Les objets donc contiennent l'infini: eux seuls se souviennent de notre "âme"; ils contiennent notre infini désir et son échec réitéré. Tout ce que nous ne pouvons dire et qui n'a jamais eu lieu. Ils nous font face, rigoureusement; ils nous répètent que l'infini reste au dehors, celé dans leur impénétrable intériorité.
La démarche de Claude Royet-Journoud est d'une implacable lucidité, Elle naît d'un regard soupçonneux jeté sur l'écriture qui doit cesser d'espérer se lover dans l'inexprimable.
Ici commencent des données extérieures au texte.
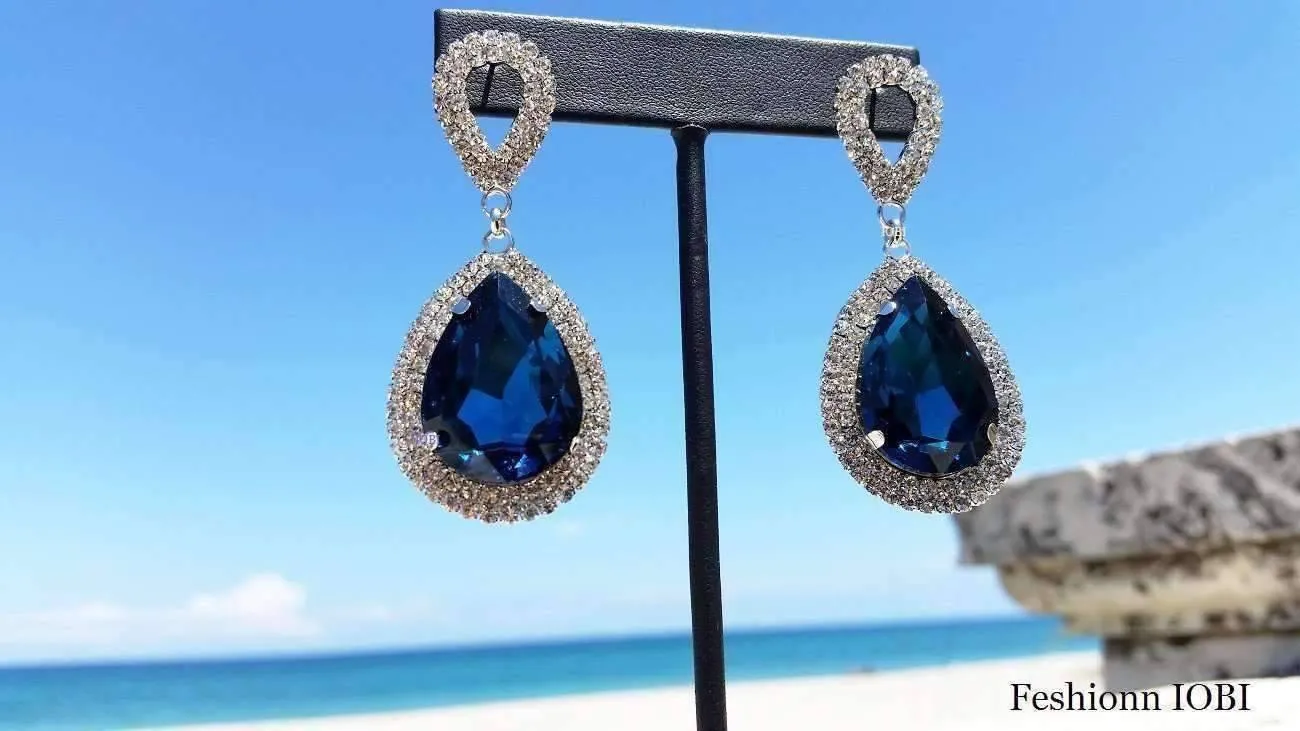 Midnight Sapphire Blue Double Teardrop Stud Earrings for Women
Débarrassé de ses oripeaux lyriques, le poétique ne renonce pas, il se renverse, voué désormais, selon le mot de Roger Laporte, "à une attente neutre qui exclut et l'espoir et le désespoir". Préférant au résultat le geste et l'intention, il prémédite intensément sa propre possibilité d'existence et demeure ainsi en suspens.